Table des matières |
Soutenu en 1940 dans Nouadhibou région (l'une ou l'autre dedans alorsLe Sahara espagnol[1] ou colonial La Mauritanie[2]) dans une famille de Sahrawi/Maure Laaroussien tribu, il a passé à l'éducation secondaire dedans Rosso près de la frontière à Français- administré Le Sénégal. Il a gagné a baccalaureat dans la science dans Dakar, Le Sénégal, en 1961. Après avoir joint l'armée mauritanienne en 1962,[3] il a étudié dans les universités militaires françaises, notamment Saint-Cyr.[2]
Après 1975, il a commandé des forces dans le nord de la Mauritanie et Al-Gharbiya de Tiris (Les Sahara occidental), dans la guerre contre Avant de Polisario guérilleros, notamment dans Zouerate région et Bir Moghrein.[3] En 1978, avec le pays dans le désordre grave, il a participé à a coup d'état cela a renversé le Mauritanien Président Mokhtar Ould Daddah. En tant que membre de CRMN militaire junte, il a été promu au poteau du chef du Général Staff.
Haidallah est allé bien au premier ministre dessus 31 mai 1979, quelques jours après la mort dans avion accident du premier ministre précédent, colonne Ahmed Ould Bouceif, avec qui il avait saisi la puissance pour le CMSN juste un mois plus tôt, de la colonne Mustafa Ould Salek et le CRMN. En janvier 1980 il a saisi la puissance du successeur d'Ould Salek As chef d'Etat, Mohamed Mahmoud Ould Louly. Il a continué à tenir également la position de Premier ministre jusqu'à décembre de cette année, quand un civil, Sid Ahmed Ould Bneijara, a été nommé au poteau.[4]
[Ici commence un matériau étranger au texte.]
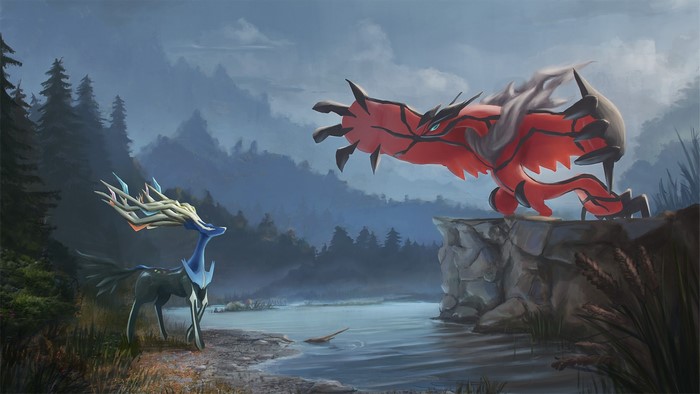 Yveltal and Xerneas in a Misty Forest Landscape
Son règne a été marqué par turbulence politique grave, car la Mauritanie s'est extraite à partir de la guerre avec Avant de Polisario - commencé par Ould Daddah en 1975 - et son régime a fait face à un certain nombre de tentatives de coup et d'intrigues de militaires.[4][5] Sur 16 mars, 1981 une tentative de coup contre Haidalla a échoué,[6]. Haidalla accuse le Maroc d'avoir lieu derrière le coup, que le Maroc a nié, et en mois suivant Maaouya Ould Sid'Ahmed Taya a été nommé premier ministre.[4][7] Un autre coup essayé a été commandité prétendument par la Libye.[1]
En mars 1984, Haidallah a pris le bureau du premier ministre encore, remplaçant Taya, dans un mouvement de renforcer sa puissance personnelle.[8][4] Sur 12 décembre, cependant, Taya a évincé Haidallah dans un coup tandis que le dernier était hors du pays. Haidalla avait été à un sommet Franco-Africain dedans Le Burundi[9][10] et appris du coup dedans Brazzaville, pendant son retour vers la Mauritanie, de Denis Sassou Nguesso, le président du République du Congo.[citation requise] Haidallah retourné en Mauritanie de toute façon et a été arrêté à l'aéroport dedans Nouakchott; il a été par la suite libéré en décembre 1988.[10] Taya a promis d'installer démocratie, mais sa règle a été considérée autoritaire par beaucoup ; il a été déposé par un coup militaire en 2005.
L'accomplissement principal de Haidallah était de faire la paix avec Saharien occidental Avant de Polisario, qui avait combattu la Mauritanie depuis qu'il a annexé une partie de l'ancien Colonie espagnole en 1975. Le CMSN a opté pour le retrait complet du conflit, évacuation méridionale Rio de Oro (qui avait été annexé As EL Gharbiya de Tiris) et identifiant le Polisario comme représentant de Sahrawi les gens. Ceci a mené à une crise dans les relations avec le pays jusqu'à ce que-alors l'allié Maroc, qui avait pareillement annexé le reste des Sahara occidental, avec le gouvernement de Haidallah faisant face à un coup essayé, à des désaccords de troupe et à une tension militaire.[4][11] Des relations ont été complètement divisées entre 1981 et 1985, quand elles ont été reconstituées par le successeur de Haidalla's.[12][13] Cependant, les relations se sont améliorées avec l'appui régional principal de Polisario, L'Algérie, avec le gouvernement algérien envoyant des bras et des approvisionnements pour soutenir son régime.[14][1]L'identification 1984 de Haidalla du République démocratique arabe de Sahrawi (SADR, Polisario gouvernement-dans-exil) comme une nation souveraine semble avoir été l'une des causes de déclenchement pour le coup de Maaouya Ould Sid'Ahmed Taya en 1984.[12]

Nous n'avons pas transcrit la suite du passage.